Shane Jones: Thank you, Terrence. Let’s talk about results in more detail. Net sales in the first quarter were $113.2 million compared to $111 million in the year ago quarter, a 2% increase versus the prior year were a 5% increase, excluding the impact of foreign exchange rates. As Terrence discussed, this was driven by strong performance across both Asia Pacific and Europe. Looking at sales by market in Q1, I’ll start with APAC. In Asia Pacific, we reported growth of 5% to $48.7 million or up 10% when excluding the impact of foreign exchange. This was driven by a very strong growth in Taiwan and Japan, where sales on a local currency basis grew 18% and 24%, respectively, in Q1. The strategies we implemented last year continue to produce the results intended doing growth in both customers and transactions.
We’re especially excited about the momentum that we see in Japan, where new customer growth has exceeded 20% for 3 straight quarters now. Sales in Europe during Q1 increased 8% on a reported basis and 9% on a local currency basis. Excellent field execution, combined with the strong adoption of our Power Line products and continued expansion in the Baltics drove robust growth in Central Europe, where sales increased 15%. We’re also seeing some encouraging signs in Eastern Europe, where sales grew 8% year-over-year during Q1. Looking at our North America business, sales declined 4% on both a reported and local currency basis. The sales decline in North America is reflective of a difficult year-over-year comp as Q1 2024 was a strong quarter over 5% growth.
In addition to that, we continue to see increased uncertainty in the North America macroeconomic environment, which is impacting consumer sentiment.
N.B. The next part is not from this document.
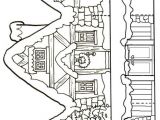 Coloriage De La Maison Du Pere Noel Coloriage De Découpage Ou Scrapbooking Dessin Maison Du
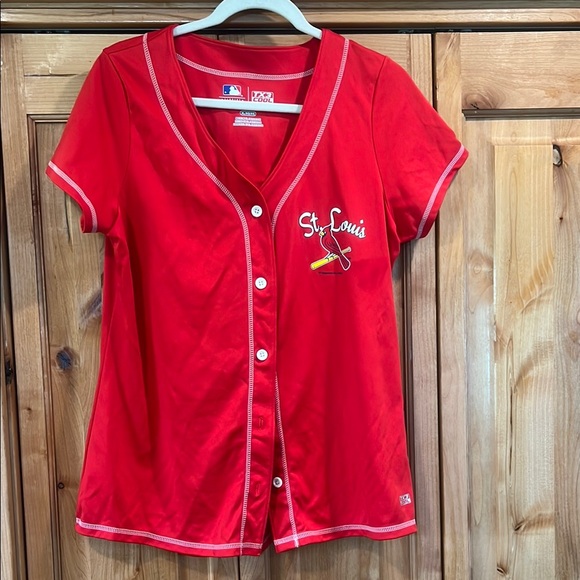 Genuine Merchandise Tops - St. Louis Cardinals Red TX3 Cool Shirt SZ XL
Despite that headwind, we see encouraging signs in both our digital and core businesses. The additional business grew 19% in Q1, showing 2 points of sequential acceleration versus Q4. This growth was driven by a 30% increase in DTC customers, along with increases in ordering accounts, retention and Amazon sales. In addition to this strength, we are also seeing stabilization and early signs of improvement in our core business, which should lead to sequential improvement in sales trends during Q2 and Q3. The combination of these factors increases our confidence that we’re moving in the right direction as we work to stabilize and reaccelerate growth in the region.
Gross margin in the first quarter increased 90 basis points to 72.1% compared to a year ago, driven by the results of our gross margin initiatives, combined with disciplined cost management. Q1 gross margin results also showed sequential improvement from Q4, reflecting steady margin improvement. We expect that trend to continue in coming quarters as we realize savings from our initiatives and as the negative impact of foreign exchange rates diminishes. This improvement will be despite negative headwinds caused by recent tariff announcements and volatility due to the rapidly evolving trade landscape. We have a diverse supply chain and have already taken measures to prepare for and mitigate the impacts of recent trade policy changes. Therefore, we believe we are well positioned to be able to adapt and adjust as necessary and expect minimal impact to gross margin in 2025.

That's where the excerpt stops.